À partir d’octobre 1914 et jusqu’aux dernières semaines de la guerre, tous les fronts européens, et en particulier le front de l’Ouest, se transformèrent en une série de lignes de tranchées, lorsqu’il devint clair que toute offensive serait anéantie par l’artillerie et les mitrailleuses adverses.

 Les tranchées ne sont pas une nouveauté dans l’histoire militaire quand, sur le front de l’Ouest, les Alliés comme les Allemands s’y installent sur 800 km, de la mer du Nord à la frontière suisse en octobre 1914. La guerre de mouvement, qui a marqué le début du conflit, n’a pas conduit à la victoire rapide espérée par chacun des protagonistes. Au contraire, les attaques frontales, menées souvent en terrain découvert, ont provoqué des pertes massives, les assaillants se faisant faucher par l’artillerie et les mitrailleuses. On déploie donc, le long du front, un dispositif constitué généralement de deux ou trois tranchées parallèles, reliées entre elles par des «boyaux» de communications. Avec, en moyenne, 1,30 mètre de large et deux de profondeur, elles sont creusées en zigzag pour limiter les effets de l’artillerie, responsable, au final, de trois-quarts des tués de la guerre. Les Allemands, installés en défensive en territoire ennemi, construisent parfois en dur, avec de profonds abris servant de dortoirs, de postes de commandement, etc.
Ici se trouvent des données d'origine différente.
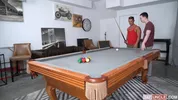 Défoncé sur la table de billard — Jax Thirio & Troye Jacobs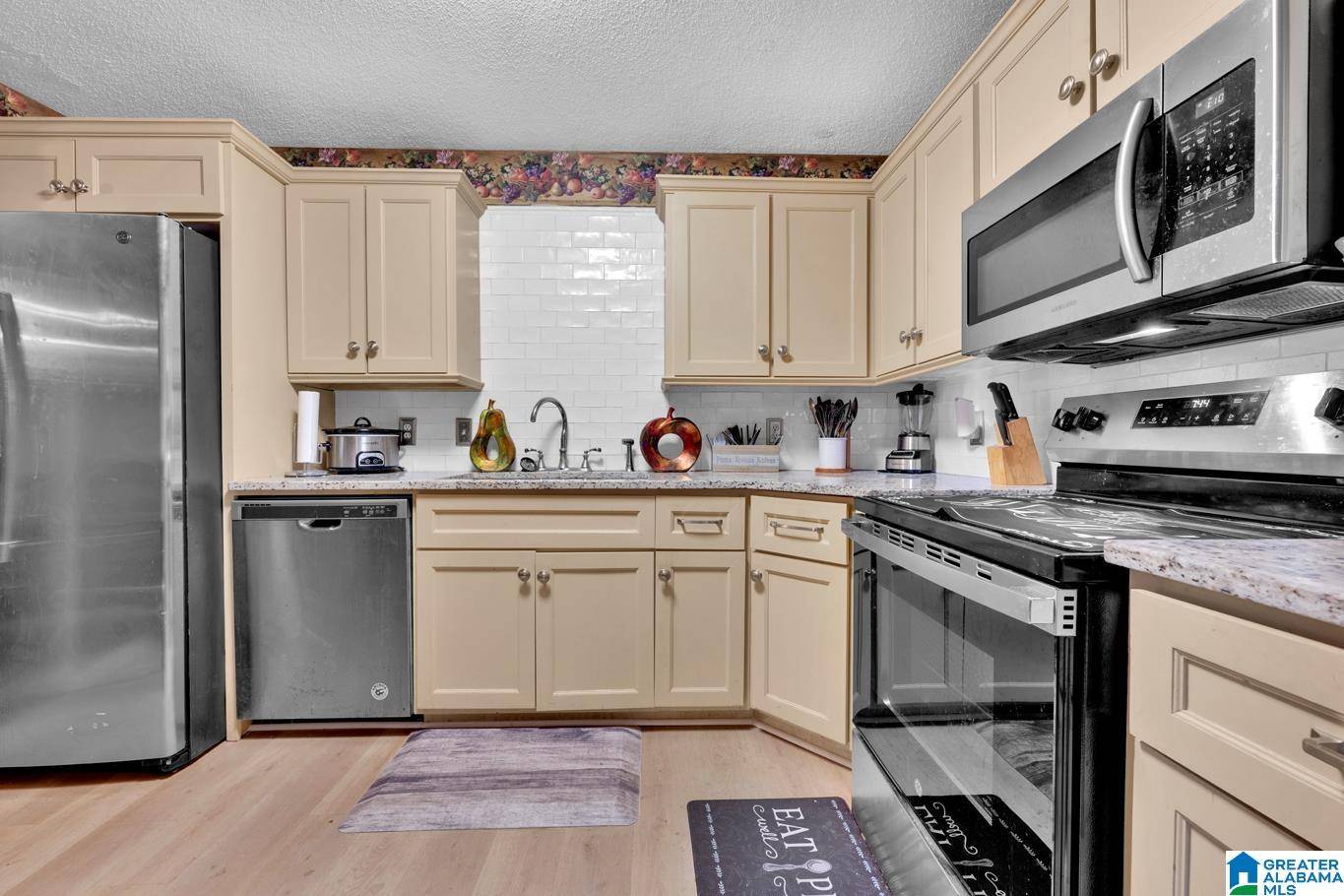 Irondale, AL 35210,5243 PARAMONT DRIVE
Les tranchées françaises, quant à elles, sont souvent plus sommaires et inconfortables car l’état-major espère toujours repousser l’envahisseur, ce qui ne se produira qu’à partir de juillet 1918.

 EXPÉRIENCE ÉPROUVANTE

Les belligérants se font face, parfois à quelques dizaines de mètres de distance. Entre les deux camps, s’étend le no-man’s land, théâtre d’une succession d’offensives et de contre-offensives. La nuit, des patrouilles tentent d’y récupérer des blessés ou des morts tombés dans la journée. C’est de nuit également que sont réalisés des coups de main contre les postes avancés ennemis, afin de capturer des prisonniers pour recueillir des renseignements. En première ligne, le risque est omniprésent. Les combats et les bombardements constituent une expérience très éprouvante, accentuée par l’effet démoralisant de la présence des blessés et des morts. « J’ai comme abri le corps d’un camarade. Mon fusil est brisé par un éclat d’obus. Je prends le fusil d’un camarade tombé mort devant moi. Les Boches avancent, je n’ai plus de munitions. Un sergent qui est blessé à côté de moi a le courage de chercher des cartouches sur nos morts et de me les passer une à une ; chaque Boche qui se présente a son sort réglé », raconte un caporal du 66ème régiment d’infanterie1.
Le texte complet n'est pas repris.